We found ourselves in a similar situation 21 years ago. Between August and November 1990 Congress agreed to six temporary adjustments of the debt ceiling while pursuing budget negotiations with the White House. President George H.W. Bush had just been elected on his famous promise, “Read my lips, no new taxes.” At the time, however, he was distracted by the brewing war over Iraq’s invasion of Kuwait, and he needed congressional buy-in for Operation Desert Storm. In October, negotiators reached agreement on a budget pact that raised taxes and assured there would be lower spending, ultimately reducing deficits. This agreement was hailed as “the deal of the century.” The $165 billion in new taxes rushed right through Congress, but the agreed-upon spending cuts were quickly ignored. Federal outlays accelerated so far beyond the amount of new revenue that by 1992 the annual budget deficit had more than doubled.

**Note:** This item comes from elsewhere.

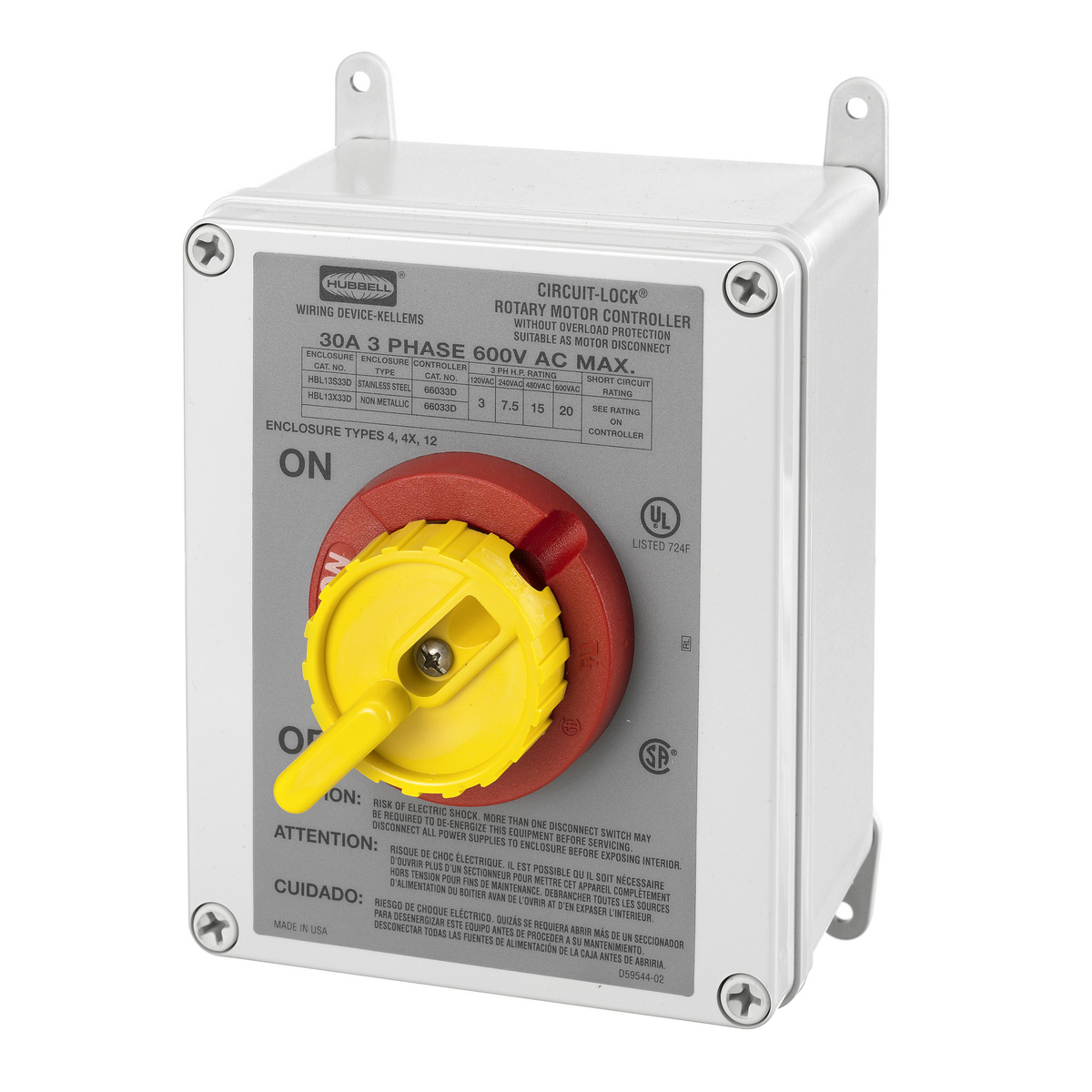 HBL13X33D Back/Side Wired Enclosed Industrial Grade Non-Fused Non-Metallic Standard Disconnect Switch With Rotary Handle, 600 V, 30 A, 20 hp, 3 Poles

Feeding the beast with new taxes had only made matters worse, and by 1993 the government found itself up against the debt ceiling once again. The “deal of the century” was dead.

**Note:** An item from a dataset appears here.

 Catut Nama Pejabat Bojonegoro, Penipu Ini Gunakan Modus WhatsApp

At the 1992 Republican National Convention, Mr. Bush admitted that the budget deal was a mistake. By then he was facing hard political realities of his own creation. While jogging in St. Petersburg in October 1990, reporters asked Mr. Bush about his broken pledge. He indicated his backside and said, “Read my hips.” To many conservatives, this confirmed their suspicions that Ronald Reagan’s successor had opportunistically taken the banner of fiscal conservatism from the Gipper. When the going got tough he sold out his principles in a back-room deal to make peace with the Democratic big spenders in Congress. This was the spark that gave rise to Pat Buchanan’s 1992 Republican primary challenge to President Bush, and it fueled the third-party insurgency of Ross Perot. This split on the right and among independents allowed Bill Clinton, who in 1991 was a second-tier Democratic candidate without a prayer of winning, to skate into the White House on 43 percent of the vote.
Democrats want to recreate this dynamic so that Mr. Obama could find himself back in the White House, even though his poll numbers have plunged. Tea Party supporters and other conservatives will treat any compromise on taxes as a betrayal akin to the 1990 budget deal. They will either sit out the next election or be so angry they go the third-party route. Such a split is key to Democratic success. Mr. Obama, who made a “no tax” pledge for the middle class is no doubt confident that he can break his promise without penalty. Democrats generally never met a tax they didn’t like, and the White House will simply redefine “middle class” to exclude those on whom they seek to place new and ruinous burdens.
House Speaker John A. Boehner, Ohio Republican, and Senate Minority Leader Mitch McConnell, Kentucky Republican, need to learn the lesson of the 1990 budget deal. Any debt-ceiling agreement that raises taxes while only promising spending cuts will simply give the government more room to binge. Agreeing to new taxes could be the trigger that places Rep. Nancy Pelosi, San Francisco Democrat, back in the speaker’s chair. No wonder the White House is so eager to seal that deal.